TO DO
From the material below, copy exactly the lines beginning with the one that contains "Barre tringle pour" and ending with the one that contains "Disco ball cartoon"; the pictures stay out.

EXERCISE MATERIALS
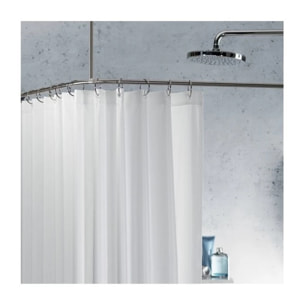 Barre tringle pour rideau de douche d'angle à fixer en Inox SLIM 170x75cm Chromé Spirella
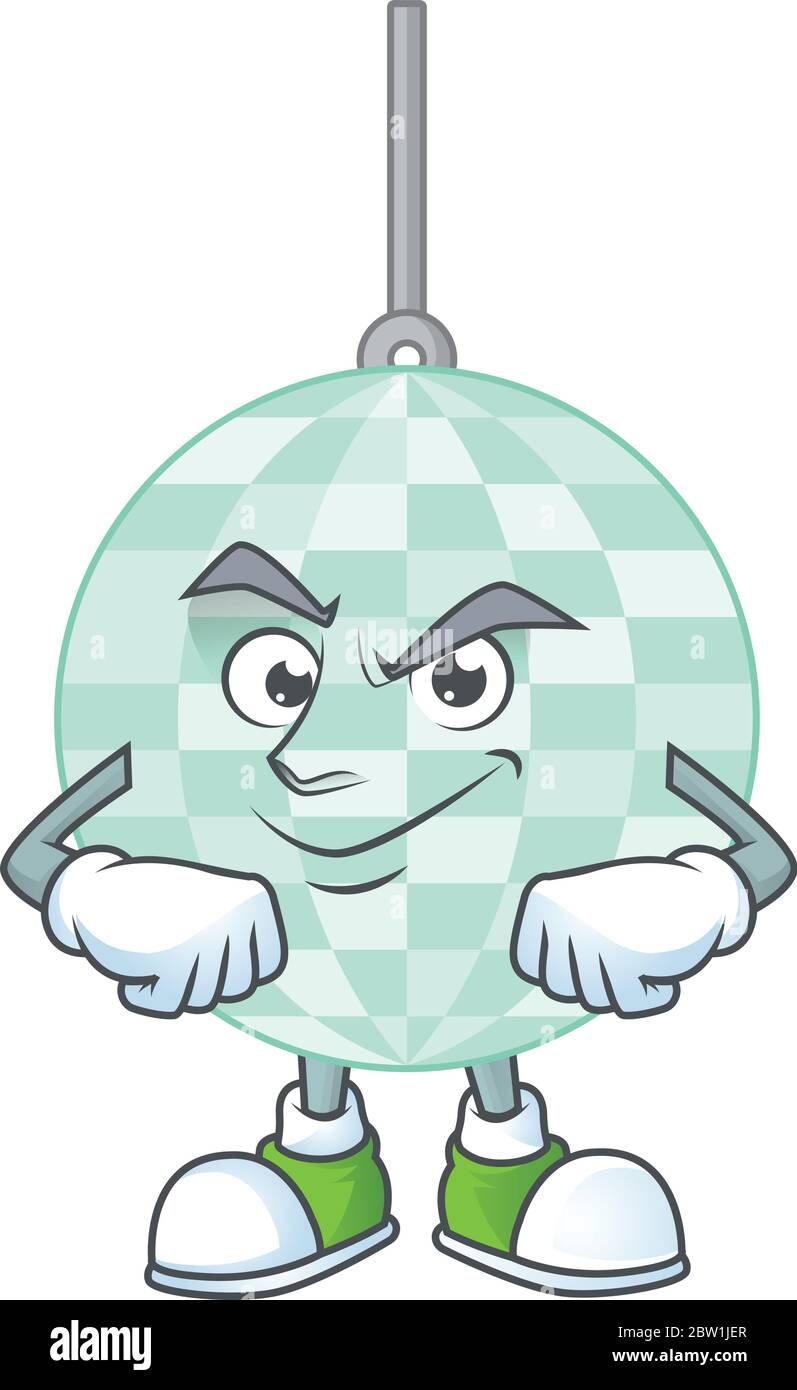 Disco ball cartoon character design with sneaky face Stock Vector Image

==

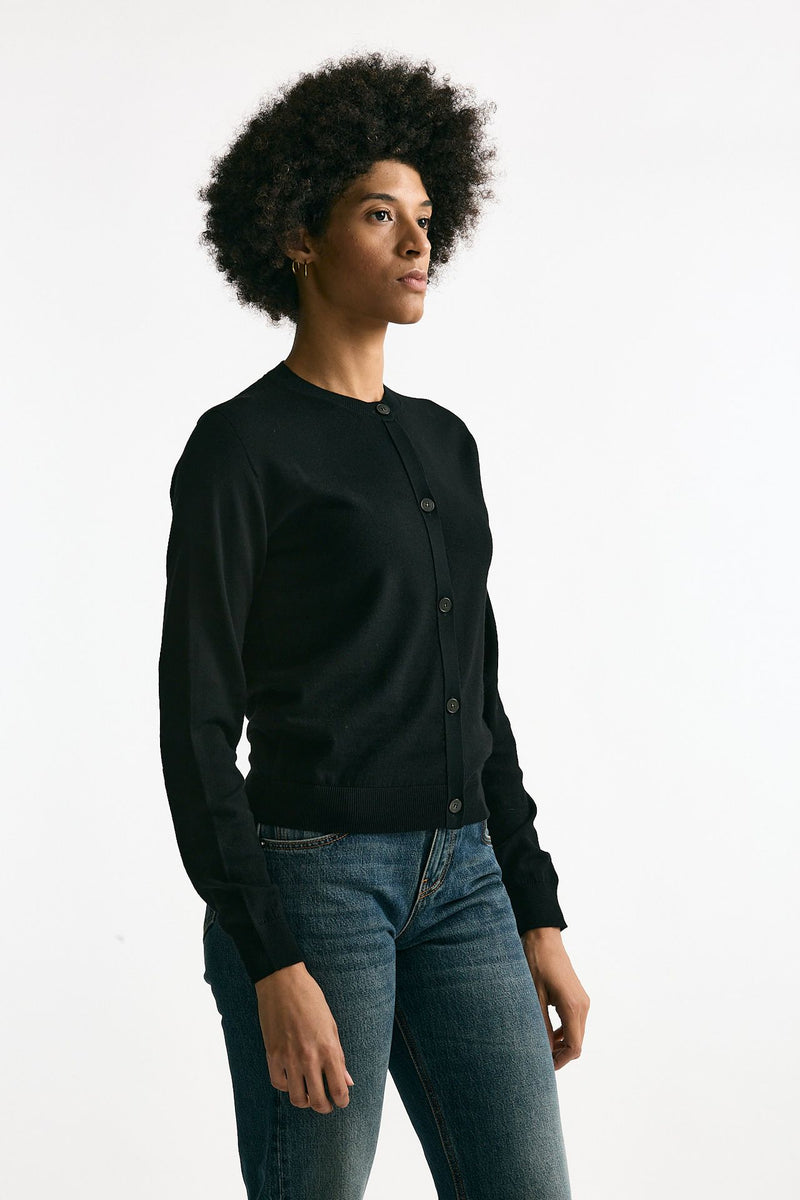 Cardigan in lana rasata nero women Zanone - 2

SOLUTION FOR THIS PROBLEM
 Barre tringle pour rideau de douche d'angle à fixer en Inox SLIM 170x75cm Chromé Spirella
 Disco ball cartoon character design with sneaky face Stock Vector Image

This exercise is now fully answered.